Quand on change de modèle architectural, on peut modifier les paramètres des sous-modèles mathématiques et de leurs divers branchements conditionnels pour les adapter le mieux possible à la diversité botanique réelle : là est le sens de cette souplesse que de Reffye invoque. Il nous faut cependant remarquer que dans cette première version en HPL, c’est sur le programme lui-même qu’il faut le plus souvent intervenir pour modifier les paramètres. Cette souplesse demeure donc très relative : elle ne se vérifie que pour l’utilisateur qui aurait directement accès à la liste du programme. La généralité du programme n’est en fait perceptible que pour son concepteur. Dans quelle mesure finalement une telle souplesse peut-elle être le réel signe d’une généralité de l’infrastructure du modèle de simulation ? Car, fidèle à sa quête d’éventuelles lois générales de la nature, c’est bien cette idée que de Reffye essaie de mettre en valeur sur la fin de son travail.

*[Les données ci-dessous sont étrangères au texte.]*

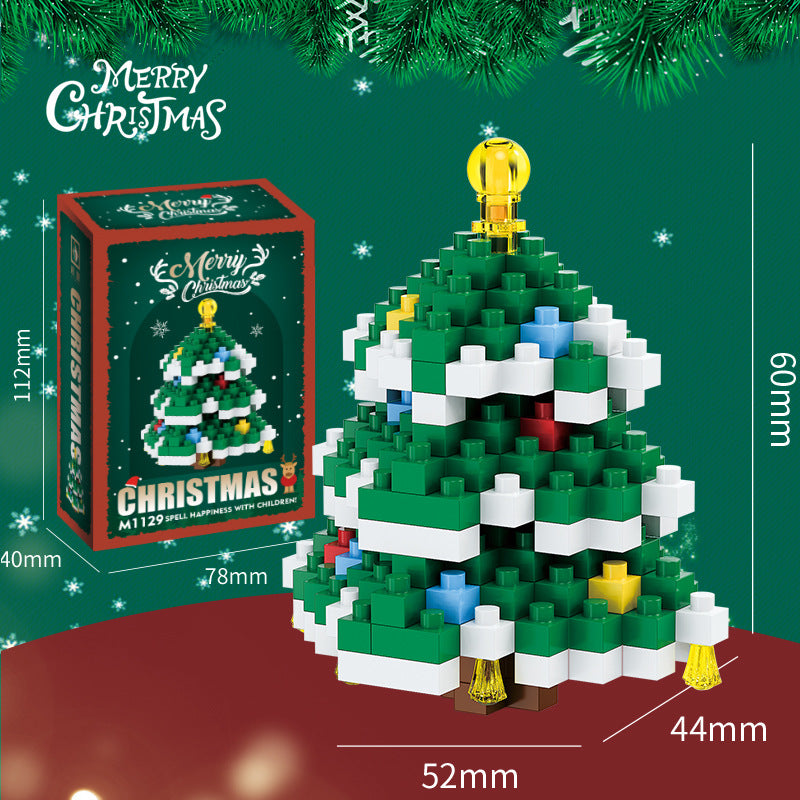 Coffret cadeau de figurines de Noël en mini briques de construction – père Noël, bonhomme de neige, renne et sapin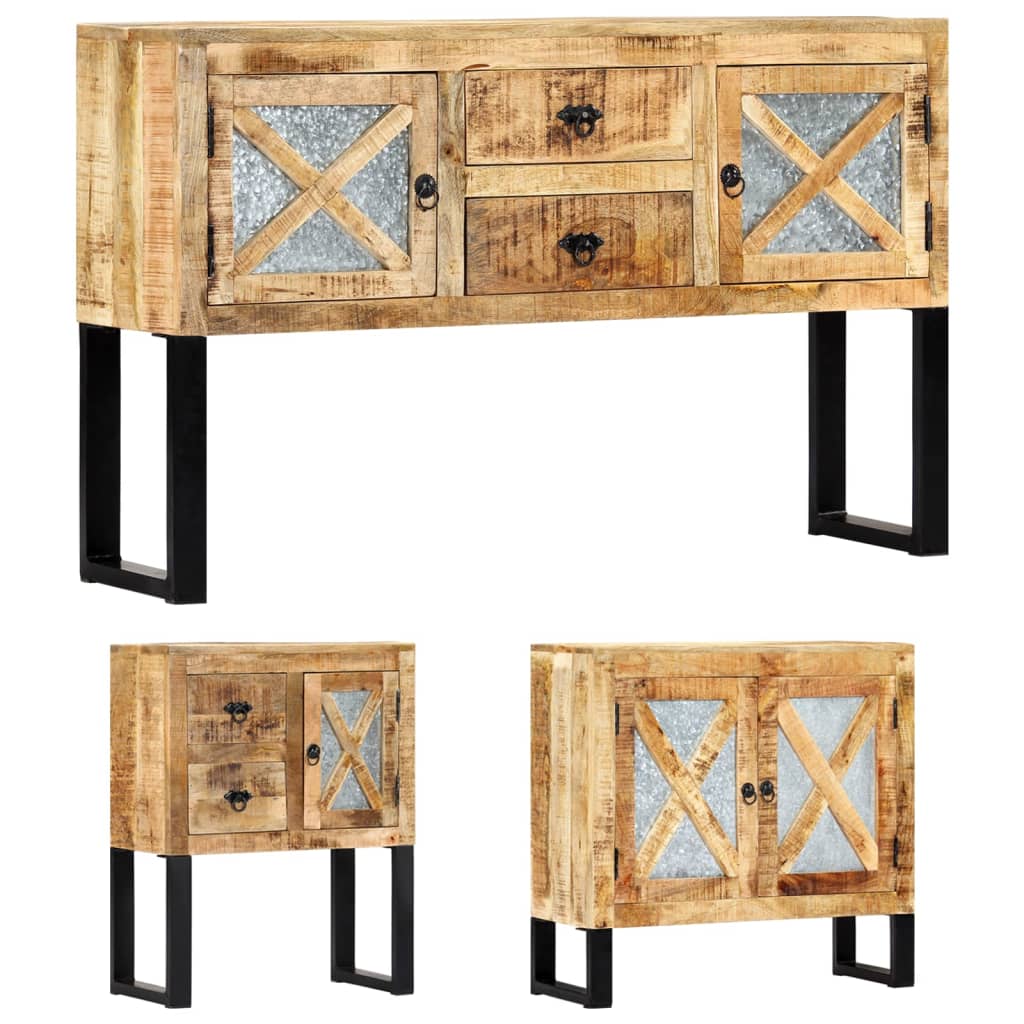 vidaXL Sideboard Cupboard with 2 Doors Buffet Storage Cabinet Rough Mango Wood-5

Davantage : le programme a-t-il réellement capté une structure abstraite suffisamment générale pour rendre compte jusque dans le détail de tous les types d’architecture végétale recensés ? Autrement dit : est-ce encore un modèle ? S’il ne nous appartient pas de répondre à cette question, tout au moins le fait que de Reffye se la pose et croit pouvoir y répondre par l’affirmative nous indique que la structure du modèle a du moins changé de nature : le modèle qui sous-tend la simulation ne peut plus être dit mathématique. C’est un modèle mixte, pluriformalisé. Comme dans les travaux précédents menés par de Reffye sur le cacaoyer, c’est bien une infrastructure informatique qui permet ici la compatibilité et l’interopérabilité entre les sous-modèles mathématiques. En 1981, de Reffye s’avancera un peu plus encore et dévoilera la raison profonde qui lui fait penser qu’il touche là à quelque chose d’universel et de fortement déterminant. Il considérera en effet que le programme informatique « n’est autre que la traduction du programme génétique du modèle [architectural] » 1797 .

Notes
1794.

[Reffye (de), Ph., 1979], p. 133.

1795.

[Reffye (de), Ph., 1979], p. 136.

1796.

Mais c’est une virtualité complexe et réaliste. Elle n’est pas théorique ni mono-axiomatisée comme la virtualité mathématique que conçoit Gilles-Gaston Granger in [Granger, G.-G., 1995], pp. 232-234.

1797.

[Reffye (de), Ph., 1981], p. 83.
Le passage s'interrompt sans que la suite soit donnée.